Rick H   31/07/2019 12:29:08 PM

Dr Walker advises that both treatments (radiotherapy and surgery) have the same outcomes at 10 years and beyond.
However, not having either treatment (i.e. having no active treatment) has been demonstrated in multiple trials to have similar outcomes and I wonder why this was not suggested as an alternative.
No treatment also avoids the many potential distressing side effects of radiotherapy/surgery.

Michael F   31/07/2019 8:49:01 PM

Rick, devil is in the detail. That study you refer to had mostly low grade cancers, the vast majority of whom would be managed conservatively if treated today. Additionally, 10 years is not long enough to make a proper assessment of mortality benefit.

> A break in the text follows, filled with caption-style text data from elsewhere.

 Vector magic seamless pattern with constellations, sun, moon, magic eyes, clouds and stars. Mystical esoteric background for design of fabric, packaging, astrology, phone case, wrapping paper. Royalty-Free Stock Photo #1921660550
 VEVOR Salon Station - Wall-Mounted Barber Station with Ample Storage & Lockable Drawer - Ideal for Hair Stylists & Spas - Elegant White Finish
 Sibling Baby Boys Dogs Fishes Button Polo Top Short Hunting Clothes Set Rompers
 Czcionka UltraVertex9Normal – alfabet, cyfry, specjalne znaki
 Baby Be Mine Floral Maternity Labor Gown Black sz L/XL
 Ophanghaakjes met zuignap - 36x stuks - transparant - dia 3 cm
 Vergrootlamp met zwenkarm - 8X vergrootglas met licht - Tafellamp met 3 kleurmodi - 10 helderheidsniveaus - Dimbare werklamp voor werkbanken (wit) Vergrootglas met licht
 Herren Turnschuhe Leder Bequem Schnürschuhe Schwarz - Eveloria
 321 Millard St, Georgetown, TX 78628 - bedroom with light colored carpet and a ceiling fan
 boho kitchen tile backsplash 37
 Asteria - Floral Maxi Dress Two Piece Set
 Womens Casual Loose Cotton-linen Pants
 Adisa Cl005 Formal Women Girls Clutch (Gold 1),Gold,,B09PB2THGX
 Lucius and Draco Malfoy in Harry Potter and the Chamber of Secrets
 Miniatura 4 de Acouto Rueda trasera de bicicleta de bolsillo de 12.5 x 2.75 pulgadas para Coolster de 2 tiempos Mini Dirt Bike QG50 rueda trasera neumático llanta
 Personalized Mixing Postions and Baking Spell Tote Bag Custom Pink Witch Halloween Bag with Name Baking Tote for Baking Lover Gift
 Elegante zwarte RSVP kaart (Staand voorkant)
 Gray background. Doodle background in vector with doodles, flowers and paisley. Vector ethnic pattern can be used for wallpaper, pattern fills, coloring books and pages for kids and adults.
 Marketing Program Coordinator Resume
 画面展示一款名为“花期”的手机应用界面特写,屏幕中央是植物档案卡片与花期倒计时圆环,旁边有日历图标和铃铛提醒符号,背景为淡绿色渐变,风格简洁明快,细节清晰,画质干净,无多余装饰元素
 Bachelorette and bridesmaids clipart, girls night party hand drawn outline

George   31/07/2019 8:53:32 PM

Three red flags to get a second opinion:-
1. If a surgeon states that the surgery is urgent and needs to be done next week,
2. If a surgeon tells you it suggests to you that they are the best trained or most experienced
3. The cost for surgery is over 10K

Rick H   1/08/2019 2:04:20 PM

Michael, may I refer you to a study published in the NEJM July 2017 ; "Follow up of Prostatectomy versus Observation for Early Prostate Cancer" that followed men for approx 20yrs. Surgery was not associated with significantly lower all-cause or prostate-cancer mortality than observation.
You agree that the majority of low grade cancers don't need active treatment. However, if active treatment of high grade cancers improved mortality, it should be very obvious in the trial outcomes.

Jenny P.   3/08/2019 8:32:41 AM

Michael F, and that's why all the flag-waving about '5-year survival rate' by the cancer industry and public health bureaucrats is b.s.